» TASK OBJECTIVE: Please return the listing below exactly, without any of its pictures.

INPUT DATA START

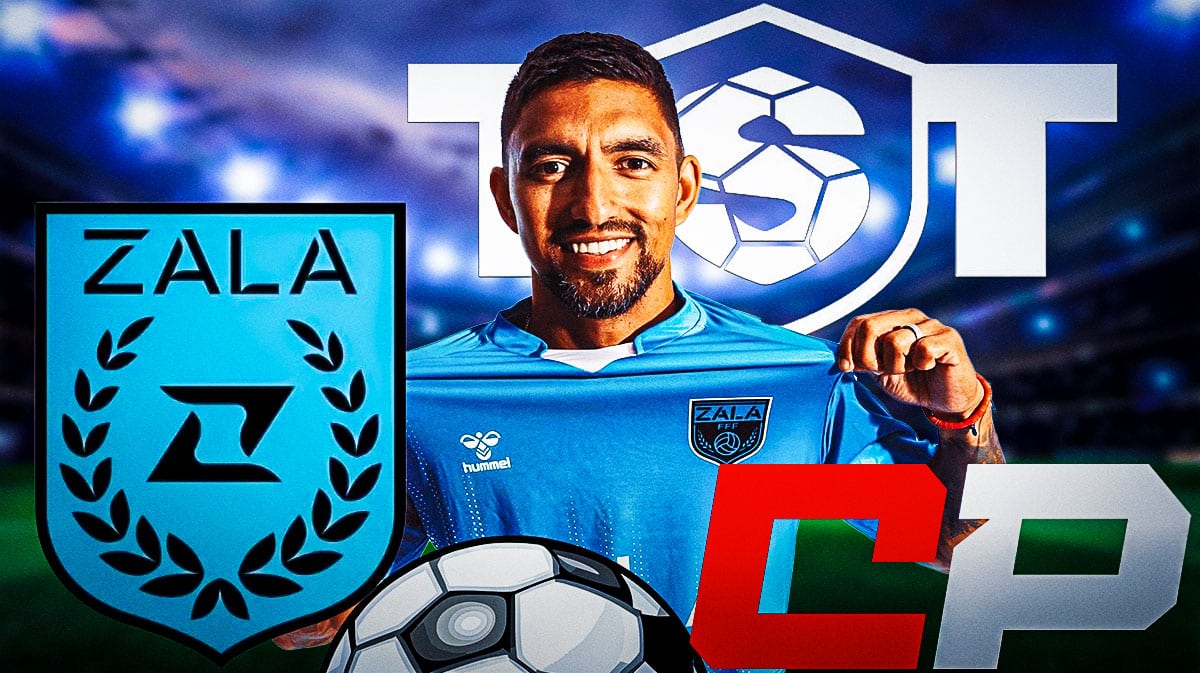 A.J. DeLaGarza wearing Zala (the soccer tournament) gear. In front of him is the Zala logo. In front is the ClutchPoints logo. Background is The Soccer Tournament logo.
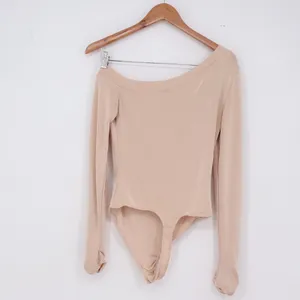 Free People Bodysuit Womens M One Shoulder Beige Ribbed Long Sleeve Good thumbnail 5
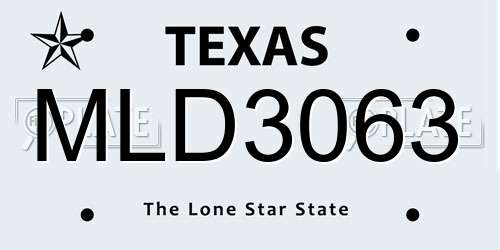 MLD3063 Texas License Plate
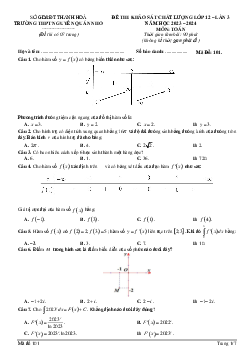 Đề thi KSCL Toán 12 lần 3 năm 2023 – 2024 trường THPT Nguyễn Quán Nho – Thanh Hóa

INPUT DATA END

» COMPLETED TASK:
 A.J. DeLaGarza wearing Zala (the soccer tournament) gear. In front of him is the Zala logo. In front is the ClutchPoints logo. Background is The Soccer Tournament logo.
 Free People Bodysuit Womens M One Shoulder Beige Ribbed Long Sleeve Good thumbnail 5
 MLD3063 Texas License Plate
 Đề thi KSCL Toán 12 lần 3 năm 2023 – 2024 trường THPT Nguyễn Quán Nho – Thanh Hóa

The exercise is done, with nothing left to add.